Posted By on March 17, 2012

Wood's Theatre, Cincinnati

In the post yesterday, there was speculation on how Laura Keene got to Cincinnati after she was released from arrest in Harrisburg.  The story of how she acted immediately after the Lincoln assassination on 14 April 1865 has been told here in a series of posts.  The goal has been to determine whether the story of the “bloody dress” was true – whether she raced to the State Box and cradled Abraham Lincoln‘s head in her lap, thus creating the most “sacred” of the “bloody relics” of the assassination.  If the story is to be accepted (and even if it isn’t), there can be little doubt that the dress she was wearing in Act III of Our American Cousin left Washington with her – despite the difficulties she must have encountered in escaping.  The dress, bloody or not, was in one of the many trunks taken off the train by officials at the Harrisburg train station when she was arrested there, and surely the trunks were put back on the train when she journeyed to Cincinnati.  Today’s post starts with the assumption that the Act III dress arrived in Cincinnati with her and was at Wood’s Theatre with her other belongings.  It then looks at reports on what happened to the dress until the time it was supposedly partitioned and distributed.

Links to the other posts in this series can be found at the foot of this post.

The first time Laura Keene‘s Act III dress was reported seen outside of Washington, D.C., was about one week after the assassination.  The report was by a “Mrs. Eldridge” who was a member of the stock company at Wood’s Theatre in Cincinnati.  However, Mrs. Eldridge supposedly reported this more than thirty years after the fact in a letter she wrote to John Creahan, the first biographer of Keene:

I was never a member of Miss Keene’s company… consequently I knew but very little about her.  I met her first in April, 1865, the week after the assassination of the lamented Lincoln., when she came to play an engagement at Wood’s Theatre, Cincinnati, where I was a member of the stock company.  She then told me the entire story of the assassination, and how she went into the box at Ford’s Theatre, Washington, and held the head of the murdered president.  She also gave me a piece of the dress she wore at the time.  I cannot now find the scrap, as it is more than thirty years since that sad event took place. (p. 135)

Both Henneke (p. 217-218) and Bryan (p. 141) reported the tale in their Keene biographies.  Neither one mentioned Louisa Eldridge by name in the text, and Henneke referred to her only as “Mrs.
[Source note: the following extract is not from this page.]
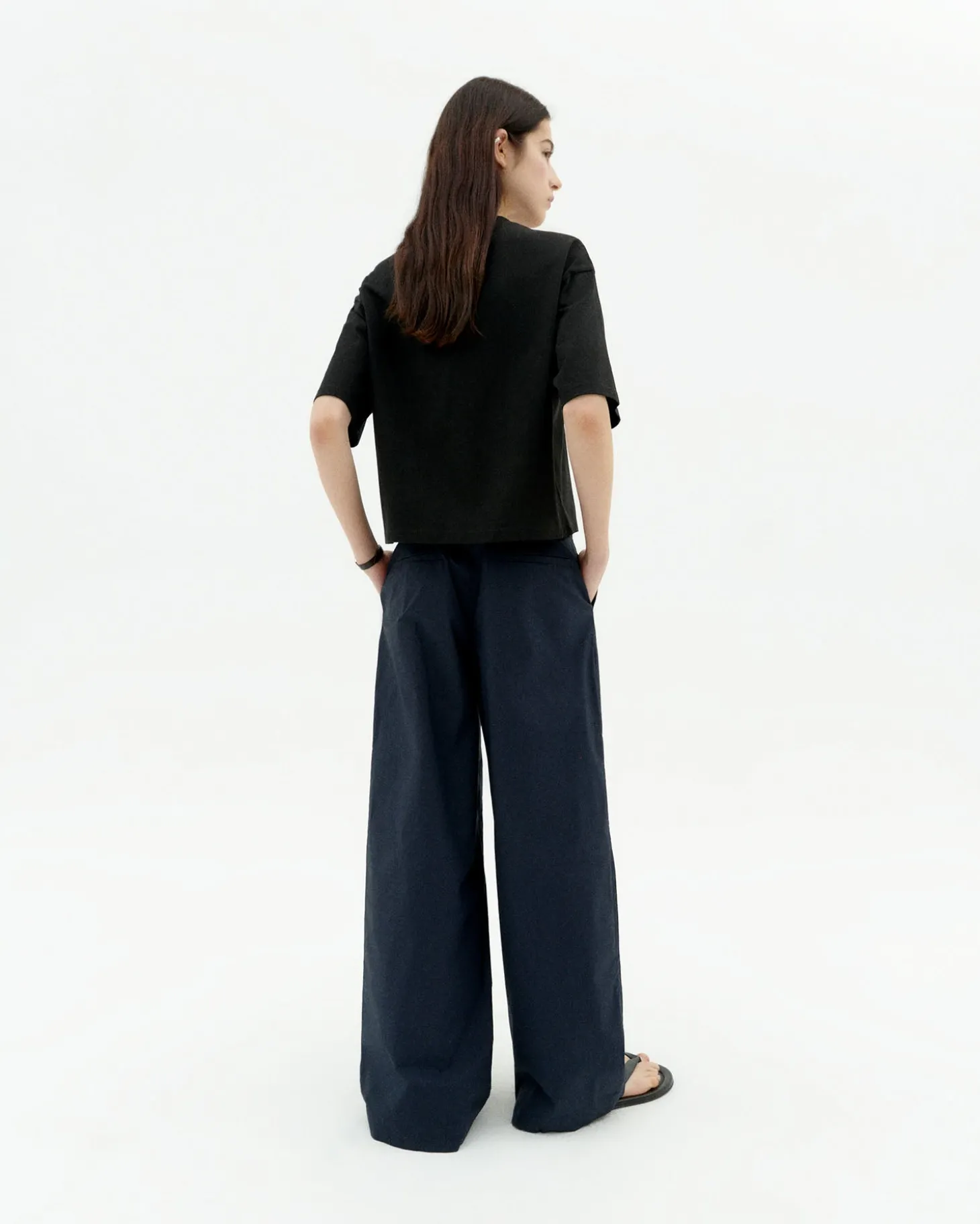 T-shirt noir oversize Lena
Eldridge” in the end notes.  Bryan neglected to indicate that the information was from Creahan (no end note).  The original of the letter upon which Creahan based the story has not been seen.

Louisa Eldridge

Mrs. Eldridge was Louisa [Harwood] Eldridge, the wife of a Philadelphia shipping merchant, David W. Eldridge, who, when things went bad for the family finances, decided to pursue an acting career.  Her first job was working for P. T. Barnum, the entertainment huckster famous for the phrase, “there’s a sucker born every minute.”  In 1865, she was a relatively new actress on the scene.  She later played with Keene in Boston at the Globe Theatre – she couldn’t remember whether it was 1868 or 1869 (Creahan, p. 135) – but then gravitated toward roles on the New York stage, where she became typecast as an old woman.  Because of these later roles, she was known as “Aunt Louisa.”  Two of Louisa Eldridge‘s children had acting careers – daughter Lillie Eldridge, and son Preston Eldridge, the latter making a name for himself in Vaudeville.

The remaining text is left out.